The College–Town Internship Connection
February 14, 2020
When I find business major Colton Hunter ’20 at the Sheraton Austin Georgetown Hotel and Conference Center, where he is working at the Texas Downtown Conference, he is busy. Hunter is learning about the “other-duties-as-assigned” aspect of all jobs: he is stuffing and handing out welcome bags to conference attendees, problem-solving A/V technical difficulties, giving directions to attendees, and spending time tabling and representing the City of Georgetown. It was all part of his internship this past fall semester with the Georgetown Economic Development office, in which he helped market, plan, and implement a conference for officials from city governments across the state to talk about downtown and small-business development. Hunter continued the tradition of Southwestern students interning with the City of Georgetown: in the past year and a half, SU students have interned in not only Economic Development but also the departments of City Planning, Convention and Visitors Bureau, Parks and Recreation, and Public Works.
Southwestern students interning with the City of Georgetown provides a mutually beneficial relationship, giving students an experiential-learning opportunity while strengthening the connection between the University and its surrounding city. Along with hosting SU interns, employees from the City of Georgetown have frequented campus for multiple career-related events, helping students learn about and explore the variety of career opportunities and fields that may exist in a government setting. “The most unexpected part of the internship has been all the people I have been able to meet in Georgetown,” says Hunter about his experience. “The mayor’s office is in the same building, and it’s amazing that he will take time out of his day to talk to me. The fact that I go to Southwestern is enough for people in the Georgetown community to take an interest in me and care about my success.”
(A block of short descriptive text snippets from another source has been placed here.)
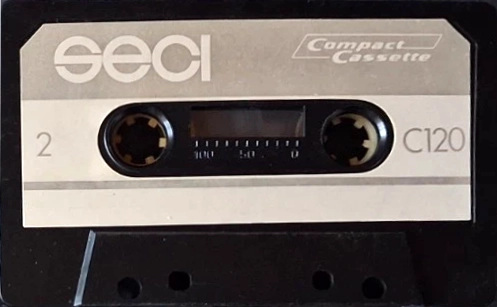 Compact Cassette Seci 120 Type II Chrome 1977 Europe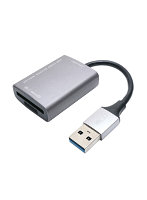 ミヨシ SD microSDカードリーダ ライタ USB-A ダークシルバー USR-ASD1/DS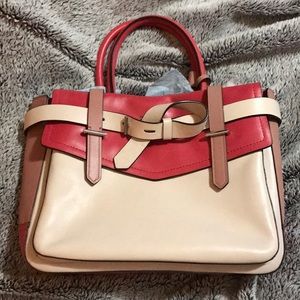 Reed Krakoff Tri-Color Boxer Tote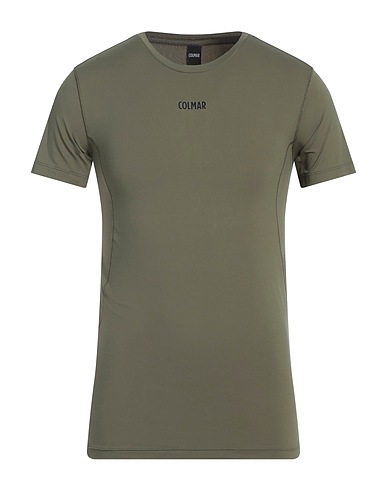 COLMAR Basic T-Shirt Military green 90% Polyamide, 10% Elastane
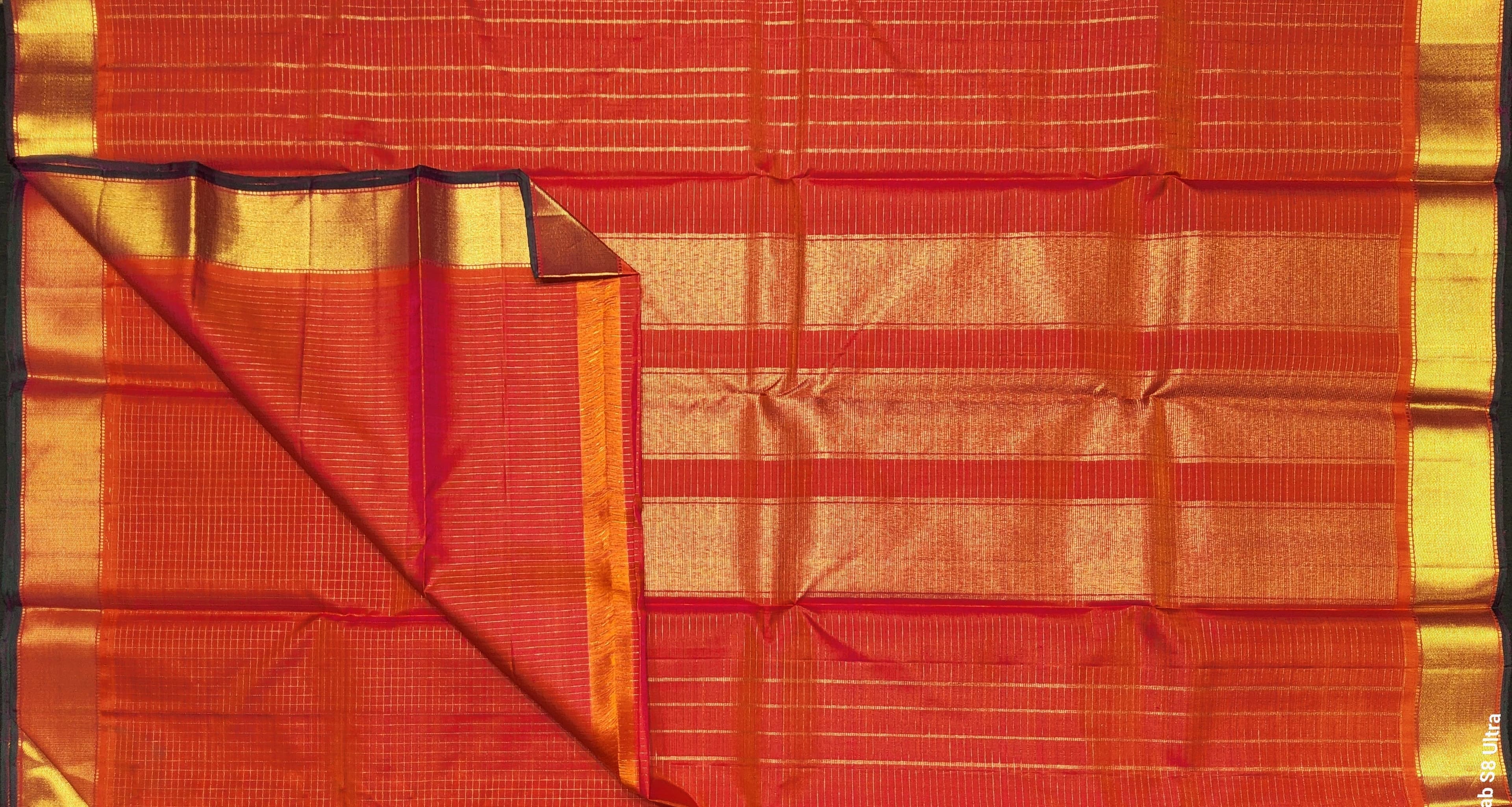 Bharatanatyam Arangetram Kanchipuram Silk Saree - Peach Gold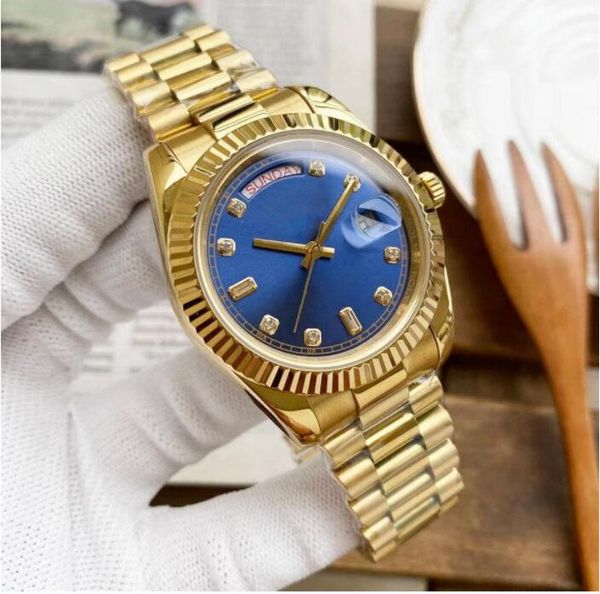 men's watch 41mm day-date automatic mechanical watches diamond dial 2813 movement stainless steel men wristwatches man clock gifts mult, Slivery;brown 
men's watch 41mm day-date automatic mechanical watches diamond dial 2813 movement stainless steel men wristwatches man clock gifts mult, Slivery;brown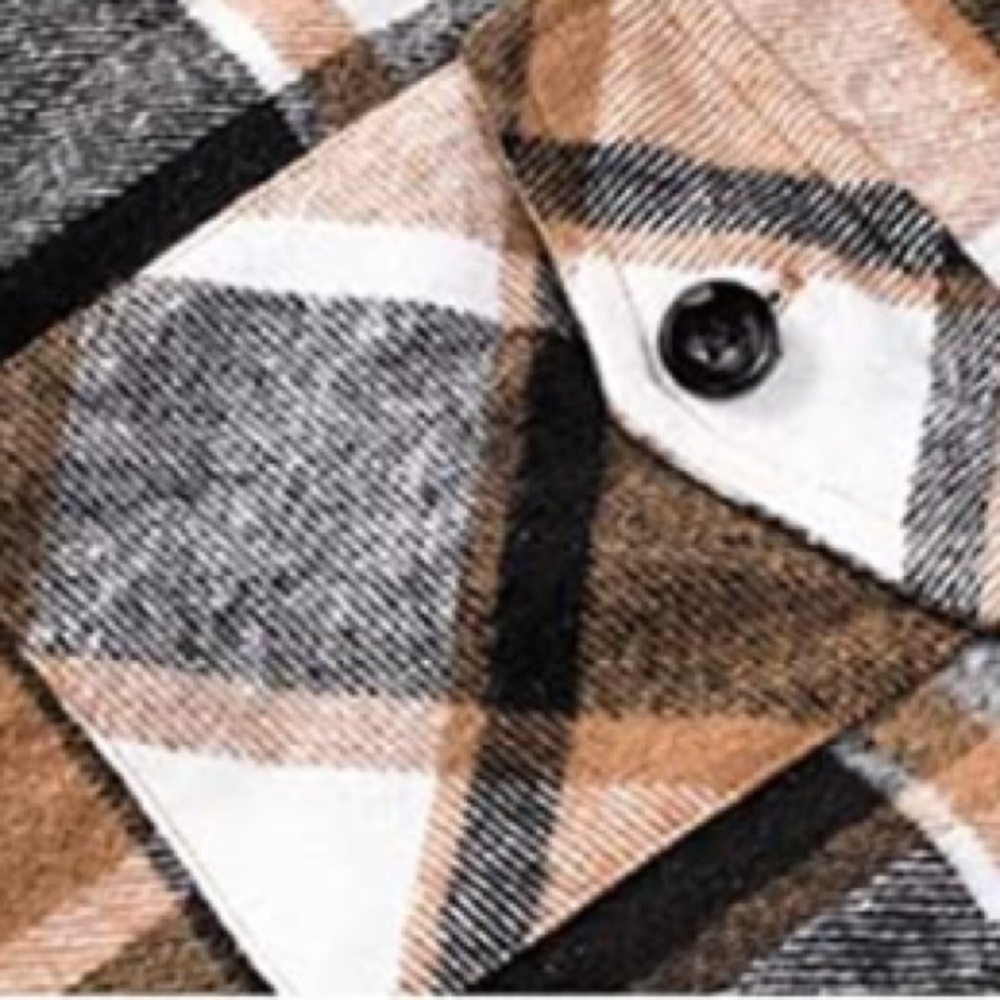 BRAND NEW MENS TRENDY PLAID FLANNEL SHIRT NWT (FALL FASHION) - Picture 3 of 4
“The fact that I go to Southwestern is enough for people in the Georgetown community to take an interest in me and care about my success.”
Fellow business major Courtney King ’20 interned in spring 2019 with the Convention and Visitors Bureau and echoes Hunter’s sentiments: “The [internship] gave me the opportunity to sit in citywide meetings to discuss the bettering of the City of Georgetown as a whole,” she recalls. “I got to provide my opinion from a student perspective on how I vision Georgetown.” In her internship, King got to experience the day-of coordination of the Red Poppy Festival and assist with vendors who participated. “I made so many connections and expanded my personal development in planning at the city level,” she says.
For the City of Georgetown, having interns gives them fresh eyes on their work as well as an opportunity for workforce development. “Having an intern for the Economic Development Department and Main Street Program provides value by offering a fresh perspective on the work we do. Oftentimes we see projects over and over and don’t notice things that someone just coming into the field will notice and question. I really love the creativity and ideas that come from working with students during an internship,” says Downtown Development Manager Kim McAuliffe. Community Services Director Jackson Daly adds that along with helping students gain skills, it gives the City a chance at an employee pipeline. “It provides an opportunity for the City to give new and emerging professionals a chance to gain experience without the prerequisite experience typically needed for new professionals,” he comments. “There are several folks at the City who have proven to be a great match for our organization that started out as interns.”
In Hunter’s internship, he got to see how the city intersects with local businesses and helps them succeed. “My favorite part has been the ability to meet and form relationships with small-business owners. I like meeting new people and understanding their needs and seeing how I can help,” he says. “I didn’t realize how integrated the city government can be in what residents are doing. When I went to events, I could see how the business owners knew and responded to my boss [McAuliffe].”
Southwestern coursework and programming emphasize the value and importance of civic engagement, and the opportunity to work in city hall for a semester through internships can help foster a better understanding of what that concept looks like in practice. “For the City, interns provide a great opportunity to foster a closer connection with a key instructional partner. The more we work together and learn about each other’s work, the better we’ll be able to leverage opportunities and address future challenges,” says Daly. McAuliffe adds, “The City wants to continue to have a strong relationship with Southwestern, and with an established internship program, we can hopefully provide a mutually beneficial experience for both our staff and students looking for real-world experience.”
Regardless of the professional path that Hunter decides to take, that increased knowledge of what civic engagement looks like was his biggest takeaway: “No matter what I’m doing and wherever I go, I’ll have a better understanding of the role city government plays in local businesses. I’ll know that as a citizen, I can give input and that there are ways to be involved.”